Écrire les faits saillants d’irréversibles peines ne libère pas Maï Nguyen : « Plus de quarante ans après, ce moment est tellement réel et présent, les émotions ont à fleur de peau. J’avais besoin d’aide pour écrire ce que j’avais vécu. De là sont nés les entretiens avec Patrick. »

Il y aussi que les événements qu’elle raconte ont été aussi vécus par les siens et qu’entre eux ils n’en ont jamais véritablement discuté depuis. Or, les souvenirs partagés ne sont souvent pas les mêmes d’une personne à l’autre, chacune filtrant le contenu selon sa compréhension de ce qu’elle a vécu. Ainsi, les expériences communes de l’enfance ne sont pas racontées de façon identique, la personnalité de chacun et l’expérience événementielle faisant la différence. C’est pourquoi Mme Nguyen fait appel à sa fratrie et aux souvenances de chacun, bien vivantes dans la mémoire des uns et effacées dans celle des autres.
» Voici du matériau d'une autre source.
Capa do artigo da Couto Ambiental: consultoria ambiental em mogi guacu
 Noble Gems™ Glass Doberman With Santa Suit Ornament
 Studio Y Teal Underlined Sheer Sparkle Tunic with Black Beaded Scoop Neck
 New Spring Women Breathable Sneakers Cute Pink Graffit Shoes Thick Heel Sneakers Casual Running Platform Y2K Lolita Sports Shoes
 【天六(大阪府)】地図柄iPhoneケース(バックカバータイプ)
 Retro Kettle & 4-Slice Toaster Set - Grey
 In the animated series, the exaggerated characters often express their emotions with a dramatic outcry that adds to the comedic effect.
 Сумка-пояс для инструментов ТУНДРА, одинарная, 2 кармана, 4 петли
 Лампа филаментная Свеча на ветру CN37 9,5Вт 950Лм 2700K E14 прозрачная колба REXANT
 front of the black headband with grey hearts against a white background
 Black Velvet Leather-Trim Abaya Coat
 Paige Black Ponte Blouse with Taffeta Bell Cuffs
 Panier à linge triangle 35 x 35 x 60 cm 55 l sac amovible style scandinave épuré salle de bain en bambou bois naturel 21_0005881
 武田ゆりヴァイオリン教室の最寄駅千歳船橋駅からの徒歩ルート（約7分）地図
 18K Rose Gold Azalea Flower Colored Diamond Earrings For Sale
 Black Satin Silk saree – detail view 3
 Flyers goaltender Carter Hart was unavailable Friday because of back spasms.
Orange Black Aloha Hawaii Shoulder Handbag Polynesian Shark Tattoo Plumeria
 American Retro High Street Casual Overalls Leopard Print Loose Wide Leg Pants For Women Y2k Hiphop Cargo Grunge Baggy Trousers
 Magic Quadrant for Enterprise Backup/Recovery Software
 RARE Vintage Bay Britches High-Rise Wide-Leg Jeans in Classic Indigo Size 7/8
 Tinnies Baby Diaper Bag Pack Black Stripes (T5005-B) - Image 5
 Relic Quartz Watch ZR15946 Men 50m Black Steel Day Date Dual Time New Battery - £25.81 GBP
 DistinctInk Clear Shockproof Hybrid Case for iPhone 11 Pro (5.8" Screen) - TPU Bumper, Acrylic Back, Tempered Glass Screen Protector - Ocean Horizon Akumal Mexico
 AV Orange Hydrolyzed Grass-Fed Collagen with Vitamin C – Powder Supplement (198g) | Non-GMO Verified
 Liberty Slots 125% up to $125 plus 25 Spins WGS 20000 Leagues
Rien de beau sur la guerre raconte cinq moments du grand bouleversement, des jours précédant la fuite du pays en guerre jusqu’au retour pour y confronter les souvenirs à la réalité d’alors ou ce qui en reste. Comme un peintre minimaliste, P. Froehlich tire de ce que Maï Nguyen lui raconte une trame de fonds illustrée par des instantanés mémoriels qui s’animent d’eux-mêmes sous l’œil attentif de la lectrice ou du lecteur. Pour les plus âgés, les images diffusées à répétition à la télévision durant les derniers jours d’une guerre qui fut d’abord celle de l’Indochine referont surface.

On ne sort pas indemne de la lecture de ce récit, car il met des visages sur ce que vivent d’autres enfants et d’autres familles quotidiennement. On peut aussi voir quelques photos de la famille de Maï Nguyen prises au début des années 1970; on peut aussi scruter attentivement les cartes géographiques nous permettant de visualiser le territoire où les événements se sont déroulés.

J’aurai toujours peine à recenser les ouvrages traitant de guerre, mais, en le faisant, j’espère faire œuvre utile en rappelant la laideur des conflits, surtout tout le mal fait aux enfants qui ne doit pas être banalisé. Comme l’écrivent la narratrice et l’auteur : il n’y a rien de beau sur la guerre.